B: “Maf ya Jeung. Saya bukan tipe istri yang suka menghambur-hamburkan uang suami.”
A: “APPPAAA??? JADI KAMU MENUDUH SAYA SUKA MENGHAMBUR-HAMBURKAN UANG SUAMI???”
* * *
Si A marah dan tersinggung, padahal si B hanya menceritakan dirinya sendiri, tidak ada maksud menyindir si A.
Kenapa si A marah? Karena faktanya dia memang hobi menghambur-hamburkan uang suami. Jika dia tidak seperti itu, SECARA LOGIKA tak mungkin dia marah, bukan?
* * *
Menurut saya, mahasiswa PMKRI yang memperkarakan Habib Rizieq lebih kurang sama seperti si A. Mereka marah atas sesuatu yang sebenarnya DIANGGAP BENAR oleh dogma agama mereka.
Dalam ajaran Kristen, tuhan memang diyakini punya anak. Itu memang KEBENARAN versi ajaran Kristen.
Jadi kenapa harus marah ketika ada orang yang membahas sesuatu yang Anda anggap sebagai kebenaran?
“Yang bikin kami marah bukan soal beranak-nya, tapi pertanyaan siapa bidannya.”

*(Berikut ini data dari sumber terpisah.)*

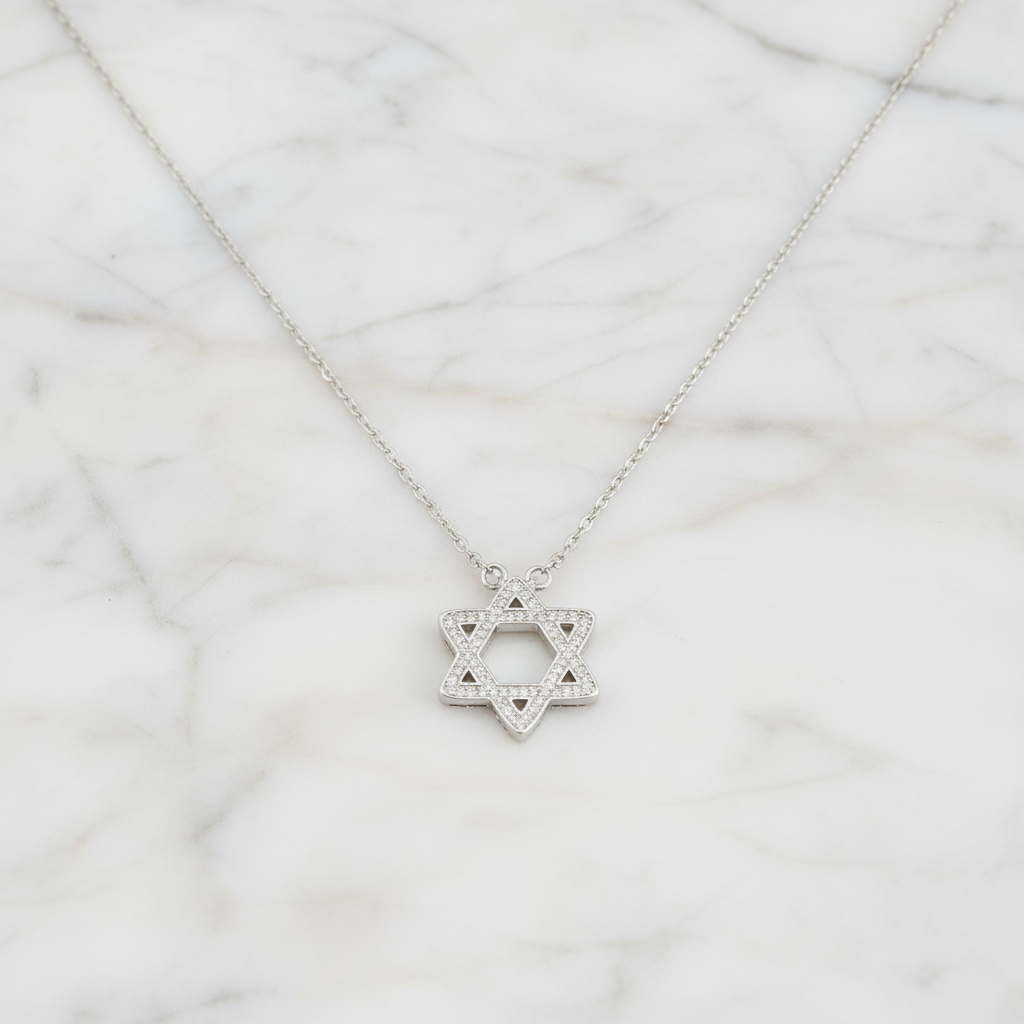 Star of David Necklace on marble background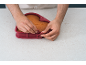 Mains détachant un moule à gâteau en silicone en forme de cœur avec un gâteau cuit à l'intérieur.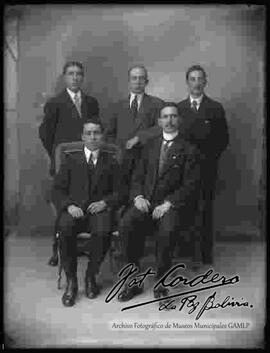 Foto de estudio de cinco varones que visten de traje. Dos se encuentran sentados  y tres parados.
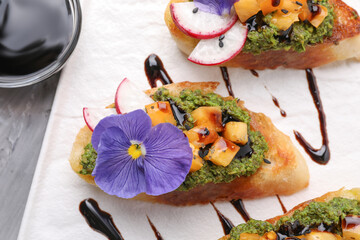 Delicious bruschettas with pesto sauce, tomatoes, balsamic vinegar and violet flower on table, above view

Lha, Habib Rizieq kan cuma bertanya. Apa salahnya bertanya? Kalau ada yang tanya, seharusnya dijawab dong. Ini kok justru marah dan memperkarakan ke polisi?
Anda selama ini menuduh kami SUMBU PENDEK. Namun Anda yang cuma mendengar pertanyaan aja langsung marah. Padahal pertanyaan tersebut berhubungan dengan KEBENARAN yang Anda YAKINI.

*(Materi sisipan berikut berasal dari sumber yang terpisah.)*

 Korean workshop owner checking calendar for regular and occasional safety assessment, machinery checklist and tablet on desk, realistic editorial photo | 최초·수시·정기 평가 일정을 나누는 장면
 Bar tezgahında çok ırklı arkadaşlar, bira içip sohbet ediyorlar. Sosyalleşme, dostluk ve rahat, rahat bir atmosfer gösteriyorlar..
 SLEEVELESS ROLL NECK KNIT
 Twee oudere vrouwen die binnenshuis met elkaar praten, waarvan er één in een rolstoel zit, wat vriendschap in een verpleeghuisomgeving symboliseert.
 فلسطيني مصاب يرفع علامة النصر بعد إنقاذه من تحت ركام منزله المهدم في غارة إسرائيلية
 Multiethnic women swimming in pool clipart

(Sama seperti ketika kemarin saya menulis “agama lain tidak sesuai Pancasila.” Kubu sebelah pun langsung marah-marah. Padahal, itu hanya FRASE PEMBUKA dari kalimat inti saya. Kalimat intinya adalah, “Walau agama anda tidak sesuai pancasila, namun kami tidak mempermasalahkannya.” Mereka marah terhadap kalimat pembuka, padahal kalimat intinya justru bernada positif terhadap mereka.)

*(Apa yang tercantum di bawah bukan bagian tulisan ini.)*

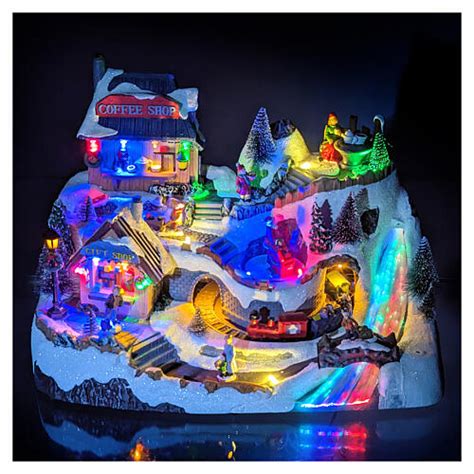 Animated Christmas village with coffee shop 25x40x25cm | online sales ...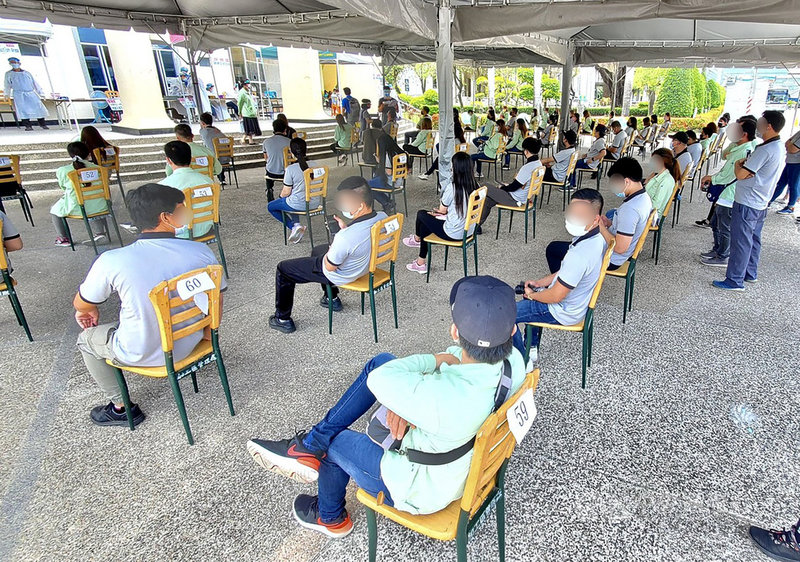 為防堵疫情,高雄市政府9日啟用路竹、楠梓、前鎮科學園區快篩站,針對企業移工進行快篩,市府10日再進一步宣布,11日將新增大發工業區及臨海工業區篩檢站。圖為楠梓科技產業園區篩檢站移工10日依序就座、等待採檢。中央社記者董俊志攝 110年6月10日
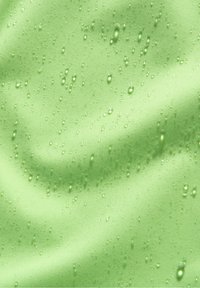 Tissu imperméable vert clair à texture lisse, présentant des gouttelettes d'eau sur sa surface, créant un aspect ondulé.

Dua kejadian di atas adalah CONTOH NYATA bahwa kubu sebelah ini memang gampang marah. Padahal mereka yang selama ini hobi menuduh kita sumbu pendek.
Jadi kalau kami sumbu pendek, anda apa dong? TANPA SUMBU??? Hehehe… 🙂
Coba bandingkan kejadian “siapa bidannya?” tersebut dengan Ahok yang berkata, “Jangan mau dibohongi pakai Al Maidah 51”.
Itu bukan pertanyaan, tapi PERNYATAAN. Sebuah pernyataan yang mengandung arti bahwa Al Maidah 51 itu bohong, Al Quran itu bohong, dan orang-orang yang menyampaikan ajaran tersebut adalah tukang bohong.
Bagi kami umat Islam, pernyataan Ahok tersebut BERTENTANGAN dengan kebenaran yang kami yakini. Itulah sebabnya kami marah, dan kami tentu punya alasan untuk marah. Sebab kami marah untuk sesuatu yang kami anggap TIDAK BENAR.
Sementara Anda justru marah terhadap sesuatu yang Anda yakini sebagai kebenaran.